Dossier : IMM-1036-05

Référence : 2005 CF 1369

Ottawa (Ontario), le 7 octobre 2005

EN PRÉSENCE DE MONSIEUR LE JUGE ROULEAU

ENTRE :

                                         MARTHA ALCADIA GONZALEZ AVILES

                                                                                                                                    demanderesse

                                                                             et

                     LE MINISTRE DE LA CITOYENNETÉ ET DE L'IMMIGRATION

                                                                                                                                           défendeur

                                MOTIFS DE L'ORDONNANCE ET ORDONNANCE

LE JUGE ROULEAU


[1]                Il s'agit d'une demande d'autorisation et de contrôle judiciaire présentée aux termes du paragraphe 72(1) de la Loi sur l'immigration et la protection des réfugiés, L.C. 2001, ch. 27 (la LIPR ou la loi), qui vise le rejet par un agent de Citoyenneté et Immigration Canada, daté du 26 janvier 2005, de la demande de résidence permanente présentée par la demanderesse et fondée sur des motifs d'ordre humanitaire parce que celle-ci était interdite de territoire au Canada en qualité de personne visée par l'alinéa 36(2)b) de la LIPR.

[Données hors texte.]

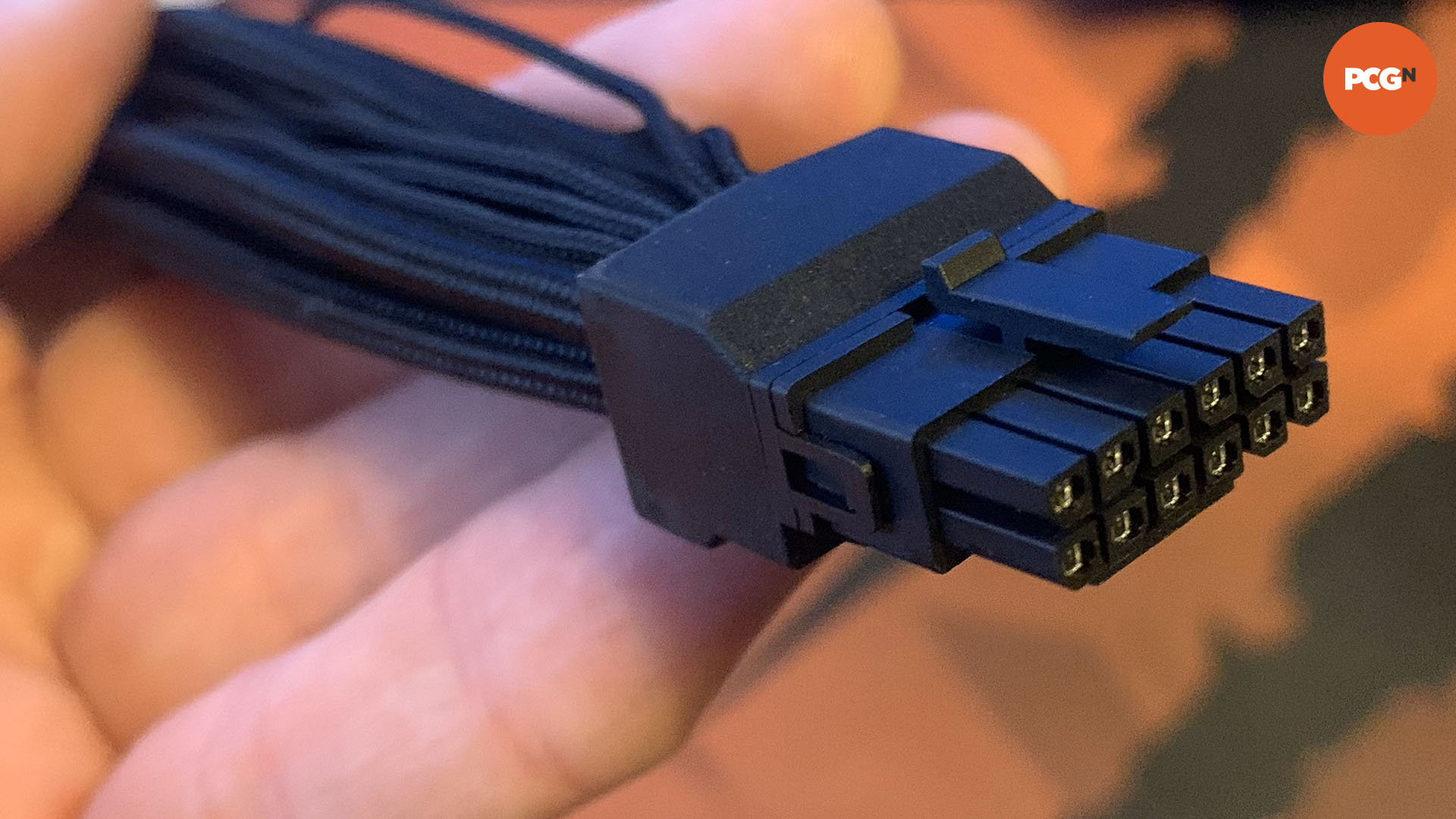 Nvidia GeForce RTX 5090 unboxing: 12V adapter cable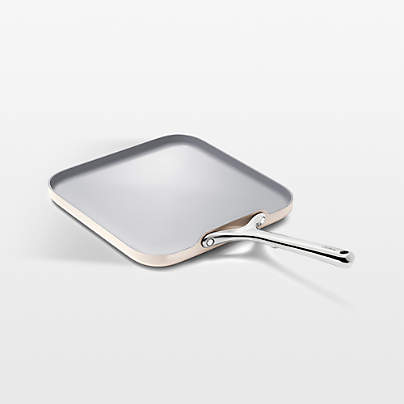 Caraway ® Cream Ceramic Non-Stick Square Griddle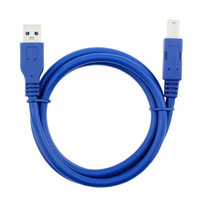 Kabel USB 3.0 A ke B SIPU, Kabel Printer Kecepatan Tinggi 1.5m, Kabel Transfer Data Port Persegi untuk Printer Scanner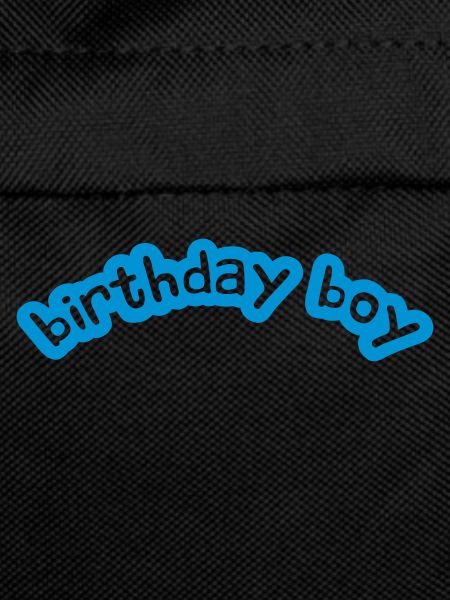 Happy Birthday Boy Comic Logo
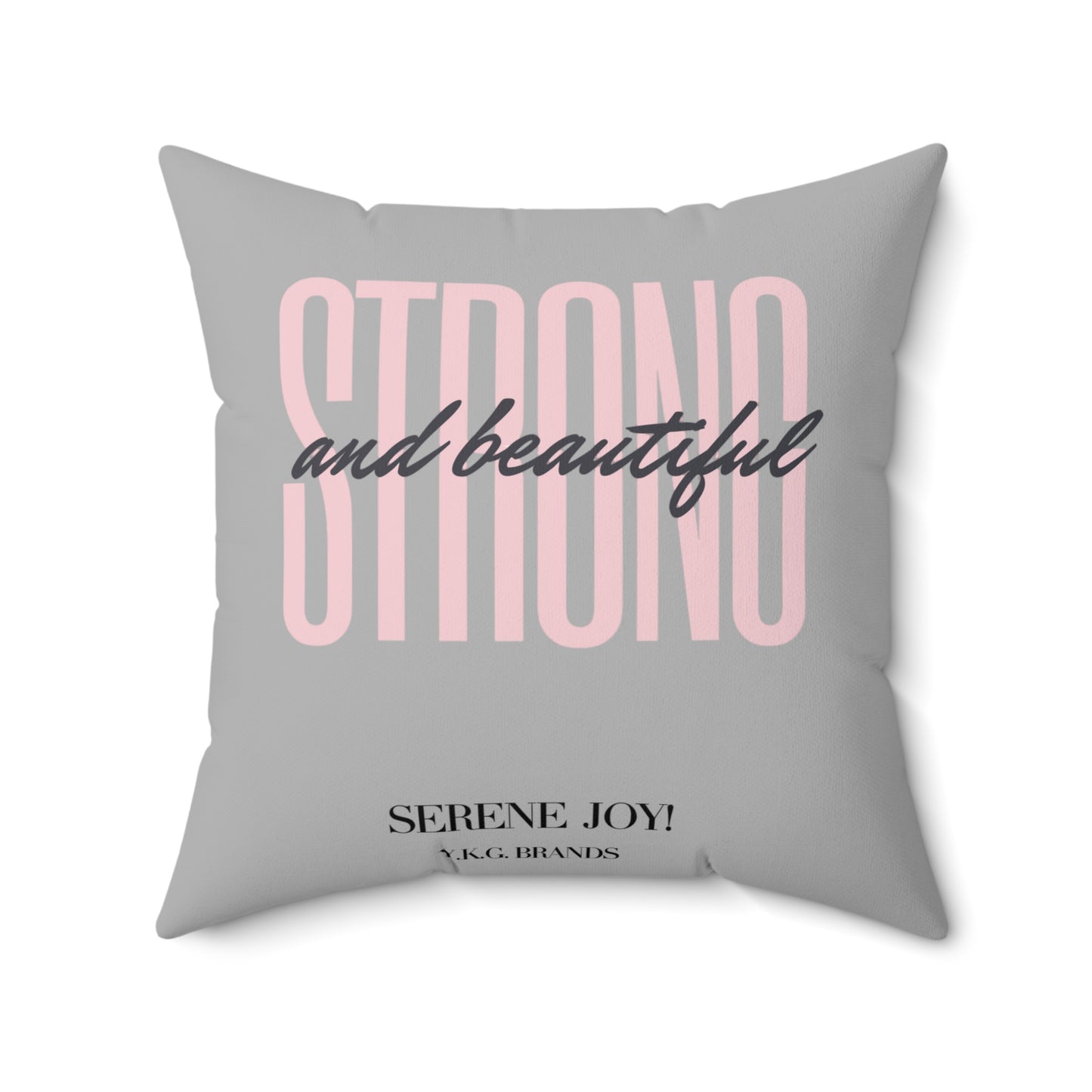 Strong and Beautiful Spun Polyester Square Pillow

[2]                La demanderesse, Martha Alcadia Gonzalez Aviles, est une citoyenne mexicaine qui réside au Canada avec ses deux enfants depuis le 20 octobre 2000.

[3]                La demanderesse a vu sa demande d'asile rejetée et a déposé une demande de résidence permanente au Canada pour des motifs d'ordre humanitaire. Dans sa demande, elle a omis de mentionner une déclaration de culpabilité pour vol de biens, infraction prévue par l'article 484 du California Penal Code, prononcée en 1995 à Van Nuys, en Californie. Elle a reçu une peine avec sursis, a été placée en probation pendant 24 mois et condamnée à verser 100 $US dans le fonds de restitution de l'État. Elle a également effectué 40 heures de service communautaire.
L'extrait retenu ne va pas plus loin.